Я возвращаюсь к чтению, пока Сара делает вид, что играет на гитаре, но не могу сосредоточиться, и через несколько минут поднимаю брошюру и просматриваю ее.
— В этом списке нет ничего, чем я хотел бы заниматься. С таким же успехом можно забыть об этом.
— Ты знаешь, что я думаю. — Она кивает на комикс, разложенный на моих коленях.
— Супергерой — это не настоящая работа. — Я закатываю глаза.
— А как насчет полицейского? Ты все еще сможешь ловить плохих парней.
У меня вырывается невеселый смешок.
— Копы бы меня возненавидели.
— Почему?
— Потому что мой отец в тюрьме. Наверняка проводится какая-то проверка.
— О. — Она дергает одну струну на гитаре, снова и снова, пока она наконец не лопается, ударив ее по лицу. — Черт.
Ее глаза расширяются, и она в ужасе смотрит на меня. Мы разражаемся хохотом.
Энергия меняется, когда перед нами проезжает вереница велосипедов — группа детей, которых она знает по школе, зовет ее на игровую площадку. Она машет рукой, вставая, чтобы пойти за ними.
Но в последнюю секунду она замирает. Поворачивается.
— Частный детектив! Вот кем ты должен быть. Ты мог бы раскрывать тайны. Это не потребует проверки. — Затем она усмехается. — Но, если тебе когда-нибудь понадобится помощник, ты знаешь, где меня найти.
В ветвях осины перед домом царит оживление. Меня послали сюда, чтобы убедиться, что мистер Бинкерс не беспокоит птиц, которые, по словам Эверли, строят там гнездо.
Возможно, еще и потому, что я не мог оторваться от нее, пока она готовила.
Неподалеку на ветру колышутся полевые цветы. Я подхожу и дергаю один — единственный длинный стебель, увенчанный гроздью фиолетовых цветов, таких тяжелых, что они опускают головки. Эверли они наверняка понравятся.
Стоп… Что, черт возьми, со мной происходит?
Я роняю цветок.
Потом вспоминаю ее улыбку и поднимаю его обратно, вместе с еще пятью.
Сверху доносится еще один шквал щебета. Черный кот, которого мы привезли с собой, определенно вызвал переполох среди местной живности, но его внимание приковано к чему-то гораздо большему — нескольким лошадям с соседнего ранчо, которые непринужденно пасутся у нас во дворе, словно им наплевать на понятие границ.
Честно говоря, они были частью того, что привлекло нас в этом месте.

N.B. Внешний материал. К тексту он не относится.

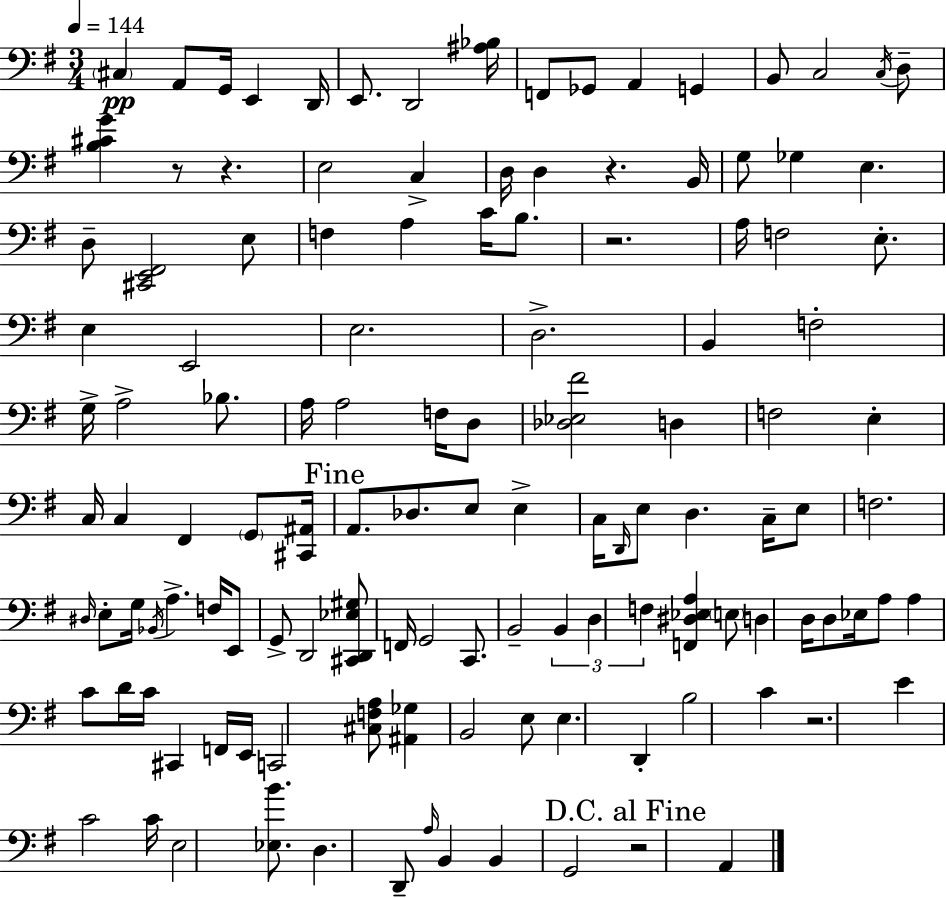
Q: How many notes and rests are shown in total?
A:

Бинкерс с минуту смотрит на огромных животных, потом поворачивается ко мне и моргает с видом — Что это за хрень?
Я пожимаю плечами.
— Ты привыкнешь к ним, Бинкс.
Когда он прогуливается мимо несчастных обитателей деревьев, из дупла в стволе высовывается яркая синяя голова.
Она не говорила мне, что здесь водятся синие птицы.
— О, голубые члены.
Я поднимаю голову на звук голоса Эверли. Она сияет, раскрасневшаяся от жара плиты, вытирает руки о свое весеннее платье, сумочка перекинута через плечо.
— Э… что? — Она сказала — члены?
Она кивает на цветы в моих руках и тихо смеется.
— Вообще-то они так называются.
— А. — Прочистив горло, я протягиваю букет, передавая их ей. — Подумал, что они будут хорошо смотреться на столешнице, рядом с твоим пауком.
Она притворно ахает, но то, как сияет ее улыбка, заставляет мое сердце биться немного иначе.
— Айзек Портер, ты даришь мне цветы?